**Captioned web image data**
○ ○ ○ ○ ○

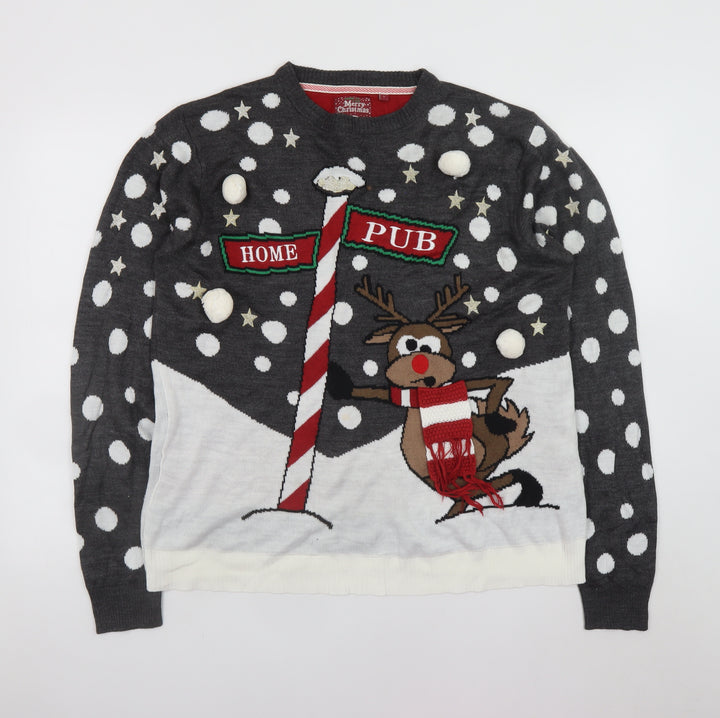 Brave Soul Men's Grey Christmas Reindeer Jumper Size L Pullover
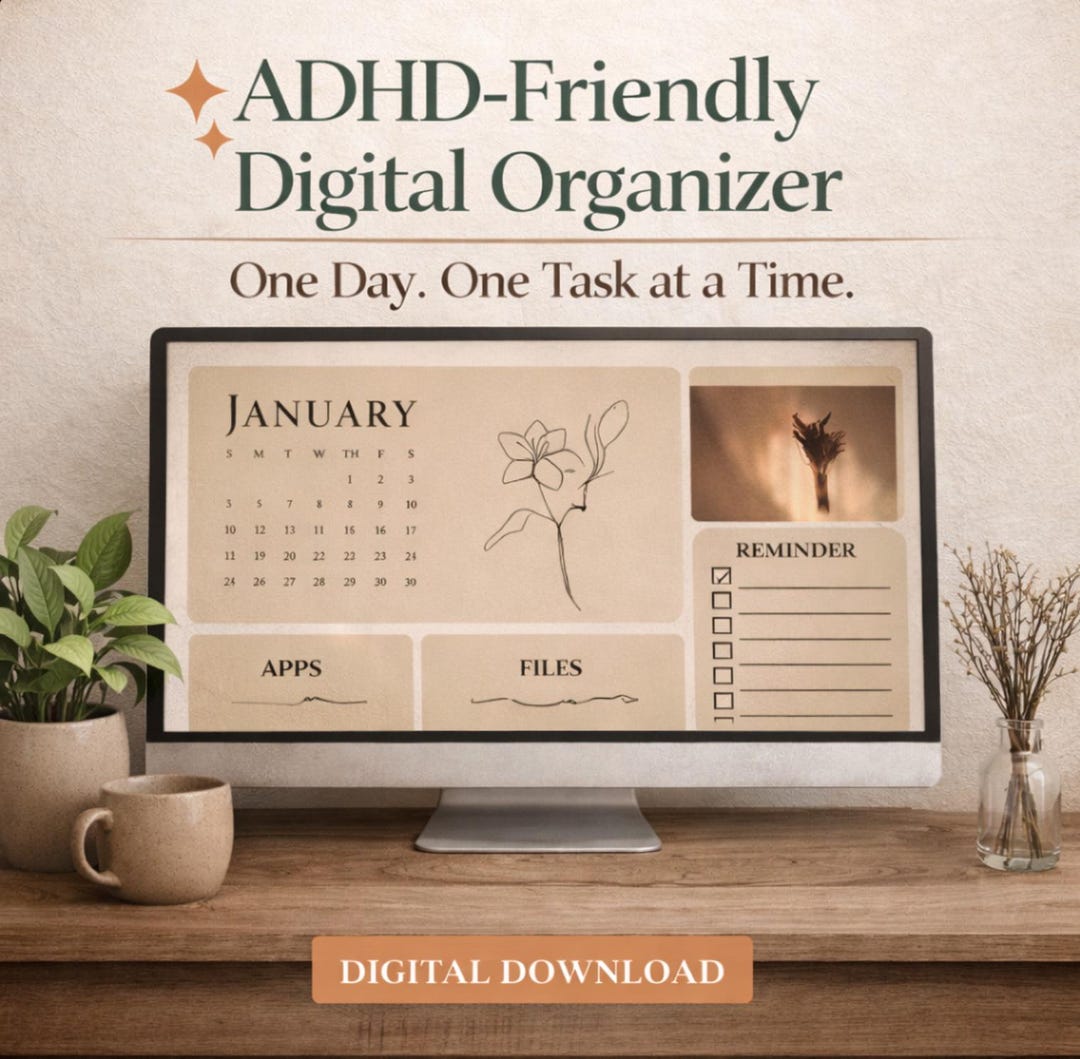 Adhd-friendly Digital Desktop Organizer- Modern Beige | Monthly Desktop ...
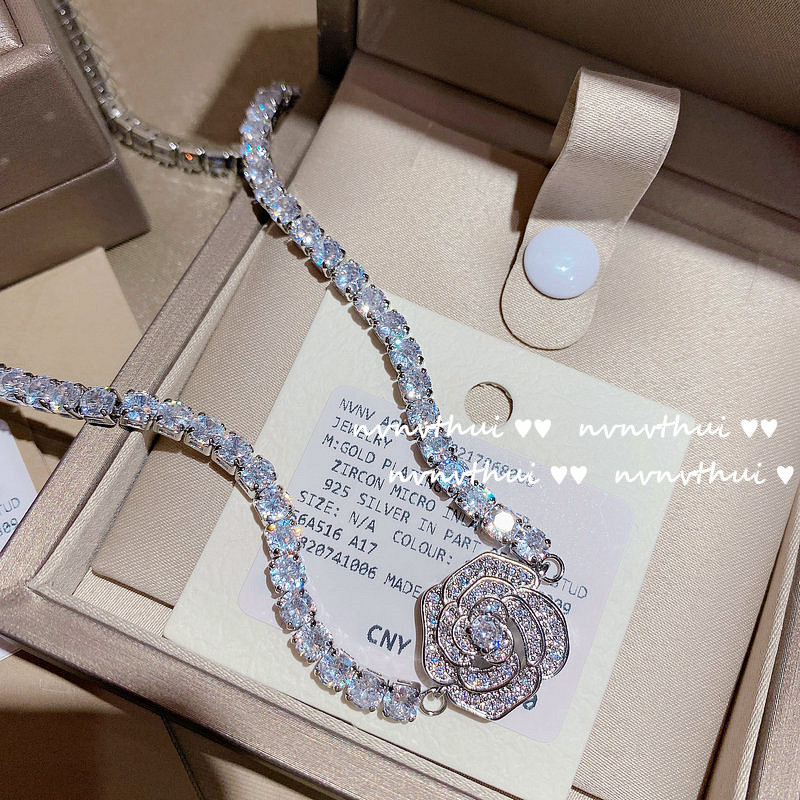 Camellia Zircon Full Diamond Clavicle Chain Tassel Earrings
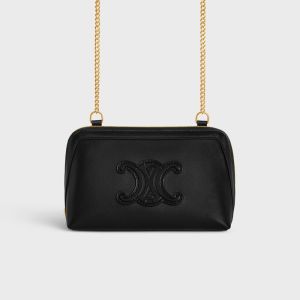 Celine Chain Clutch in Smooth Calfskin with Cuir Triomphe Black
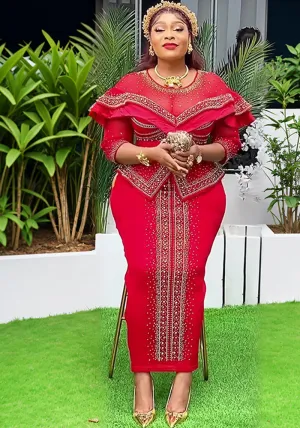 Regal Embellished Beaded African-Inspired Maxi Dress with Layered Ruffles
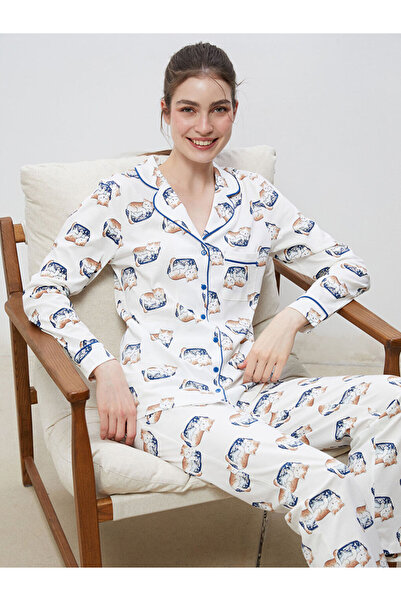 LC Waikiki Create Your Style from Uzg Store |   Shirt Collar Printed Women's Pajama Set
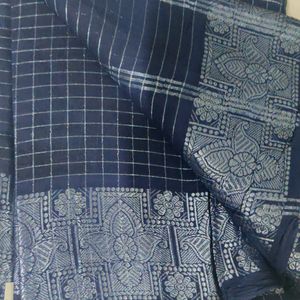 Classy Navy Blue New Sungudi Silver Checks Border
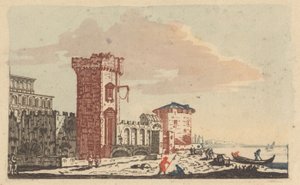 Châteaux, ruines et paysages marins - Six gravures en couleur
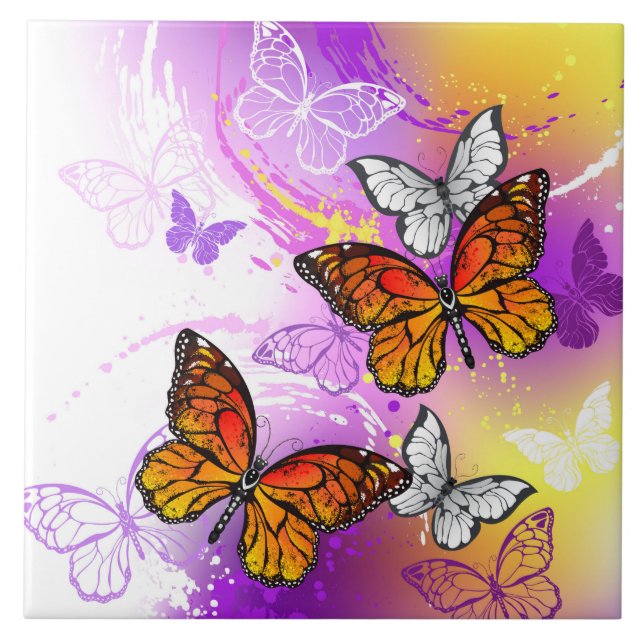 Monarch Butterflies on Purple Background Tile (Front)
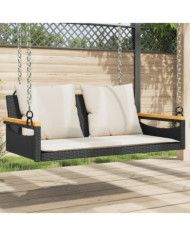 Balancelle avec coussins noir 109x62x40 cm résine tressée | Mobilier & Déco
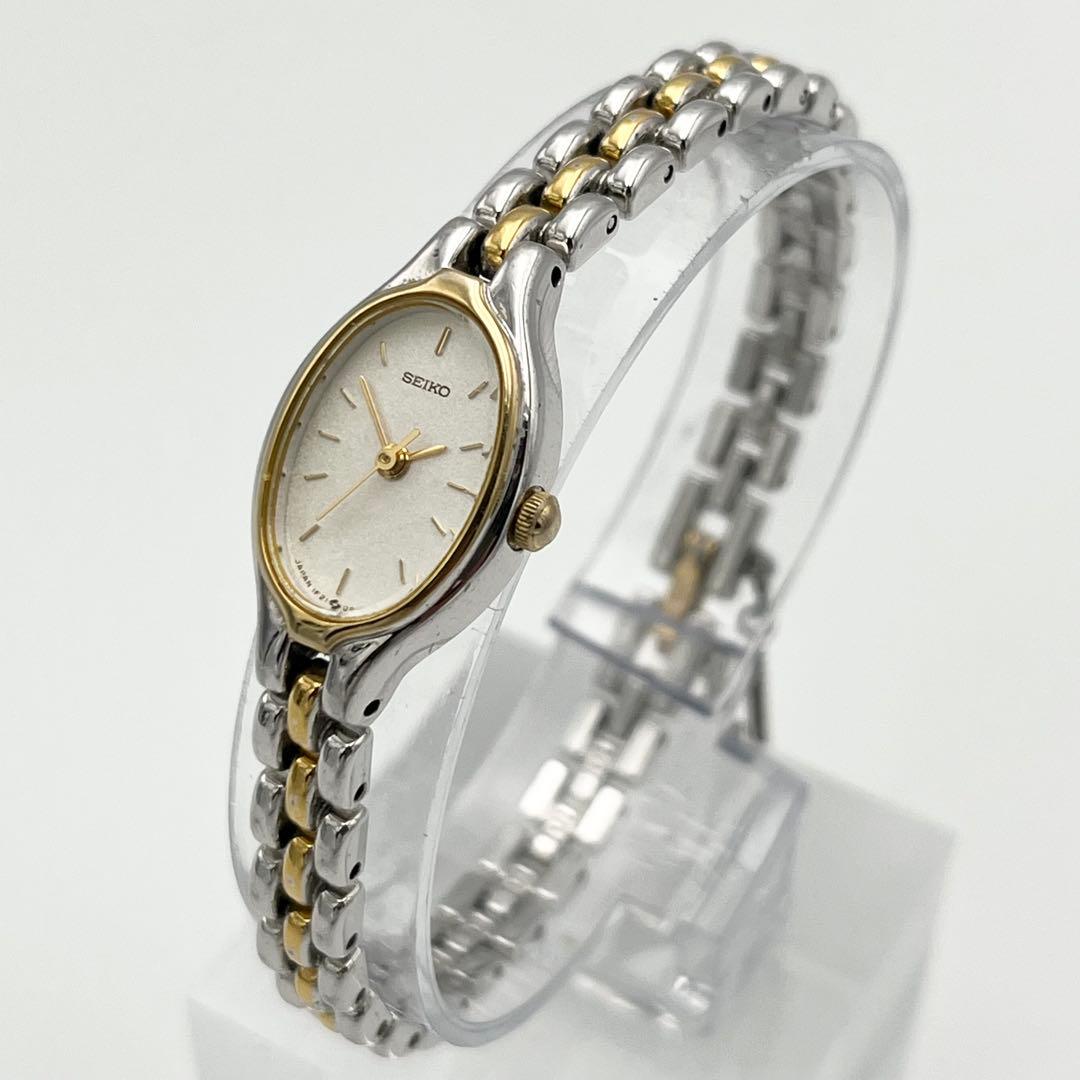 新品電池 SEIKO 1F21-5A00 コンビカラー ホワイト文字盤 腕時計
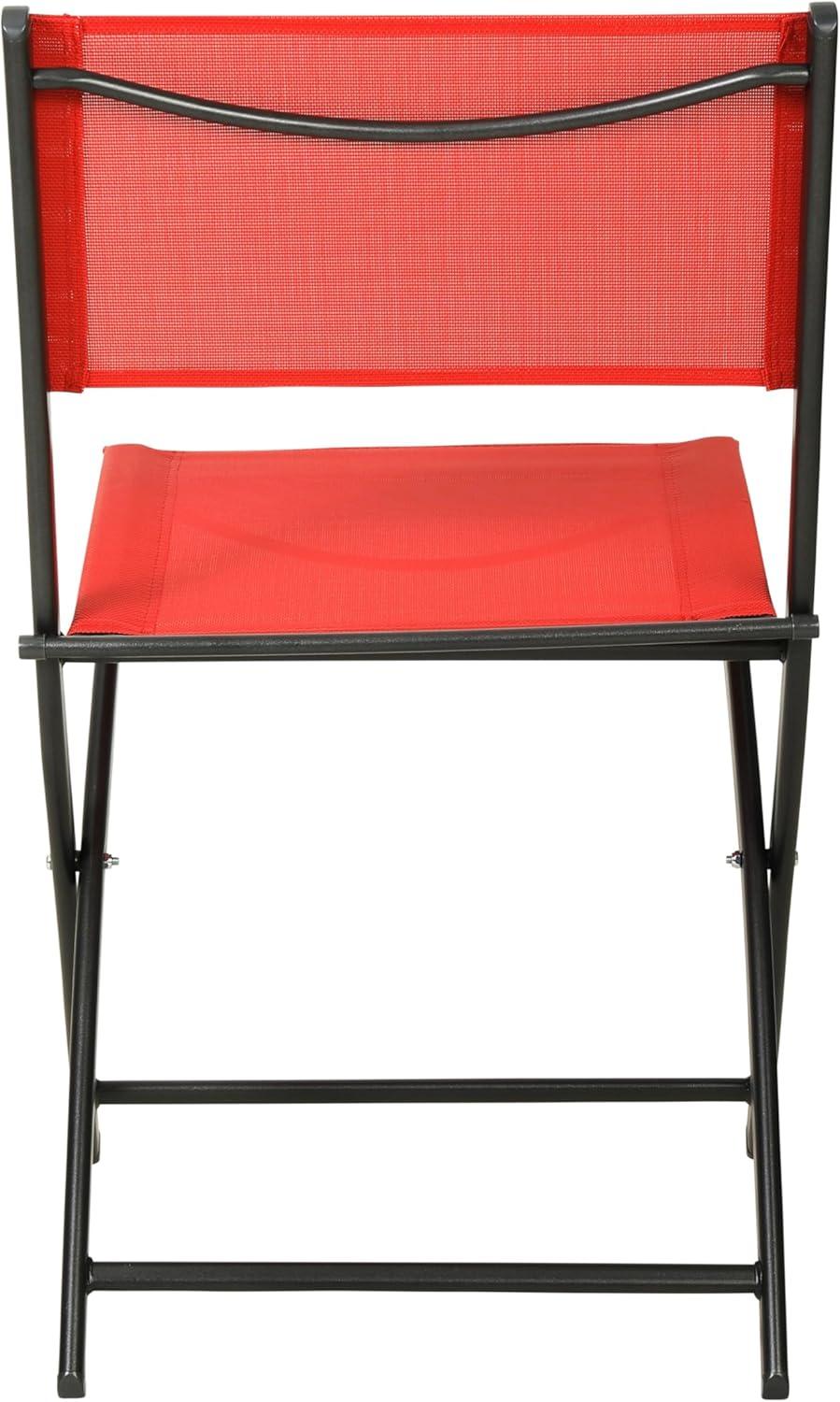 Flash Furniture Brazos Set of 2 Commercial Grade Indoor/Outdoor Folding Chairs with Red Flex Comfort Material Backs and Seats and Black Metal Frames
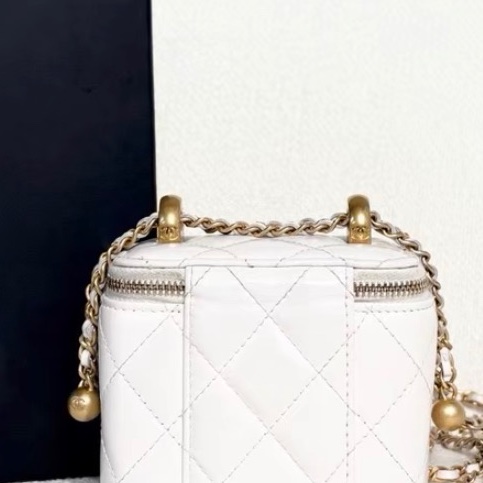 【95新 ✨ 全網最低價！】Chanel 香奈兒雙金珠 mini小盒子 白色金扣 白金 羊皮-10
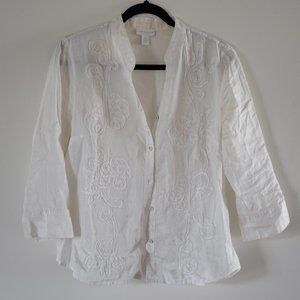 White Linen Shirt Floral Embroidery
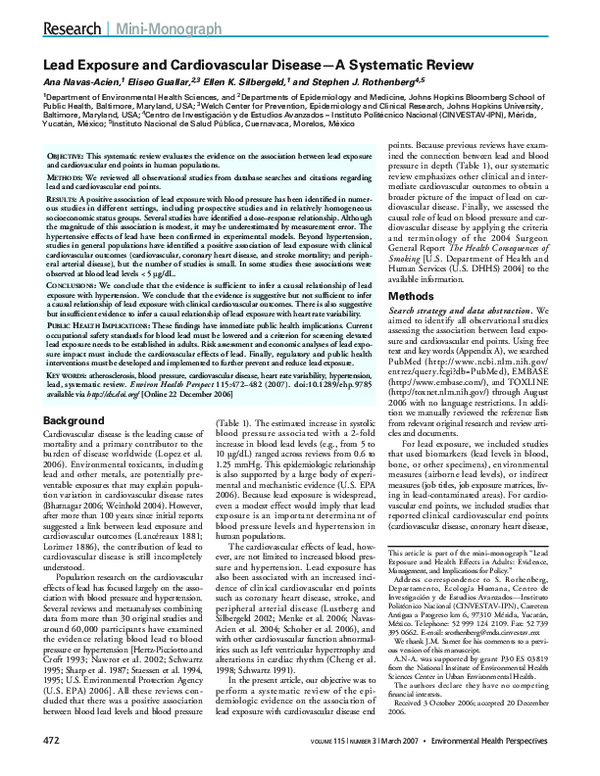 (PDF) Lead Exposure and Cardiovascular Disease—A Systematic Review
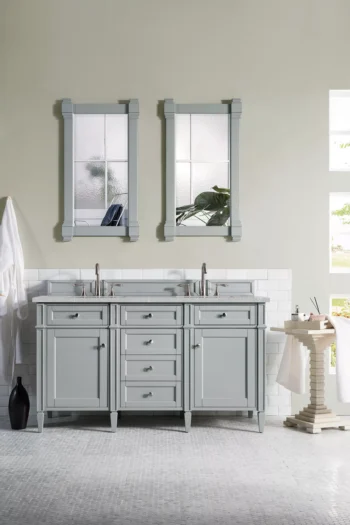 Brittany 60" Double Vanity, Urban Gray w/ 3 CM Eternal Serena Quartz Top - Image 2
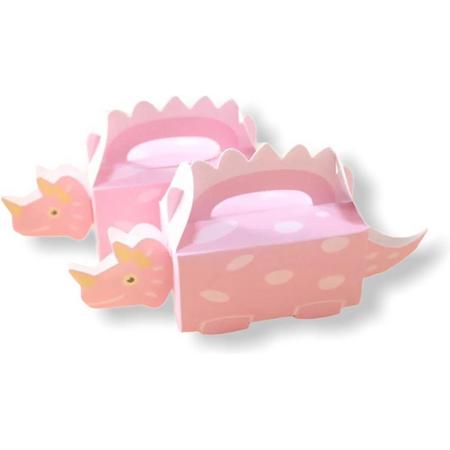 Uitdeeldoosjes Dino roze 10 Stuks - Traktatie boxen voor Uitdeelcadeautjes - Uitdeelcadeau Kinderfeestje - Kinderen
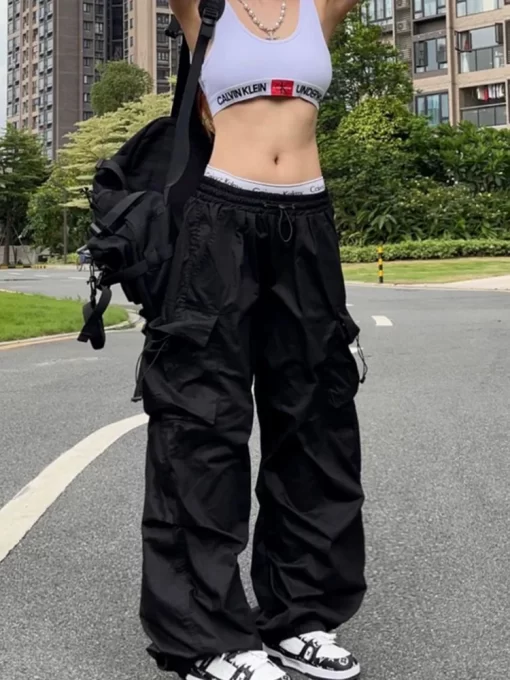 FT9CY2K Parachute Black Pants Women Hippie Streetwear Oversize Pockets Cargo Trousers Harajuku Wide Leg Baggy Sweatpants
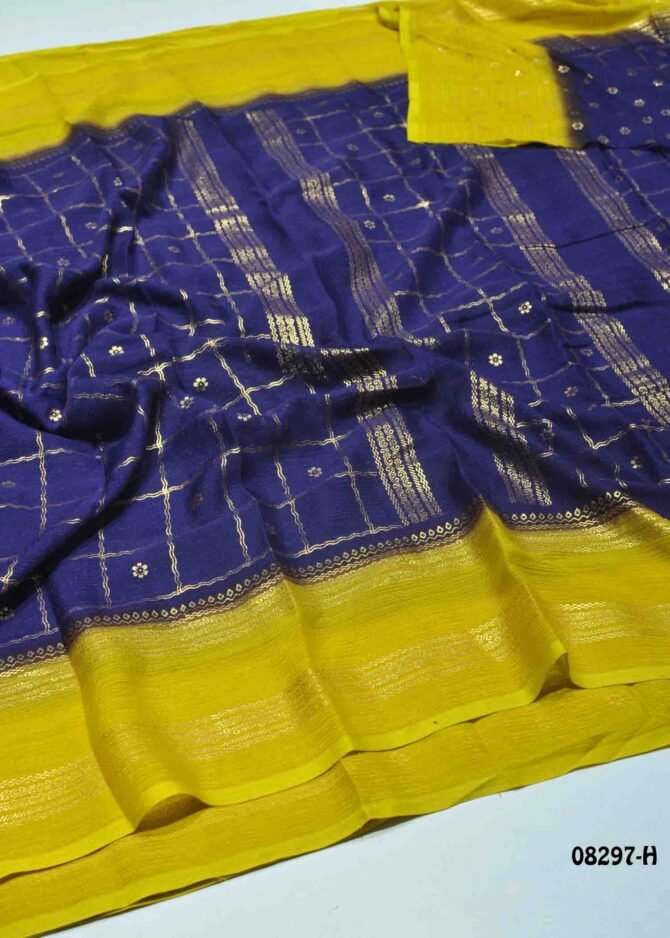 Yashavi -08297-H  Violet Color Foil Print Soft Synthetic  Saree CM1254340 (LR11E)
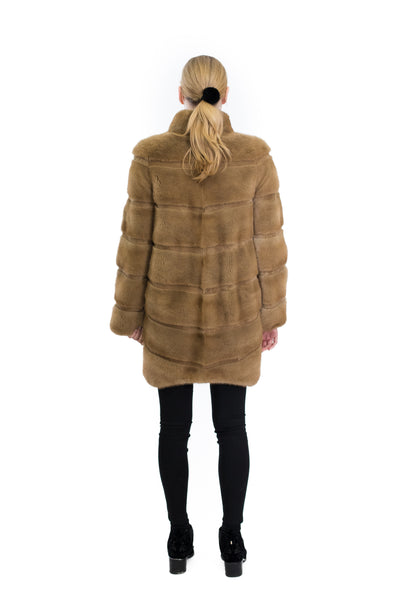 Mink Coat with Stand Up Collar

○ ○ ○ ○ ○

What is the exact wording of the lines from the one bearing "White Linen Shirt Floral Embroidery" through the final line of the records above? Write it out without the pictures.

**OUTPUT**
 White Linen Shirt Floral Embroidery
 (PDF) Lead Exposure and Cardiovascular Disease—A Systematic Review
 Brittany 60" Double Vanity, Urban Gray w/ 3 CM Eternal Serena Quartz Top - Image 2
 Uitdeeldoosjes Dino roze 10 Stuks - Traktatie boxen voor Uitdeelcadeautjes - Uitdeelcadeau Kinderfeestje - Kinderen
 FT9CY2K Parachute Black Pants Women Hippie Streetwear Oversize Pockets Cargo Trousers Harajuku Wide Leg Baggy Sweatpants
 Yashavi -08297-H  Violet Color Foil Print Soft Synthetic  Saree CM1254340 (LR11E)
 Mink Coat with Stand Up Collar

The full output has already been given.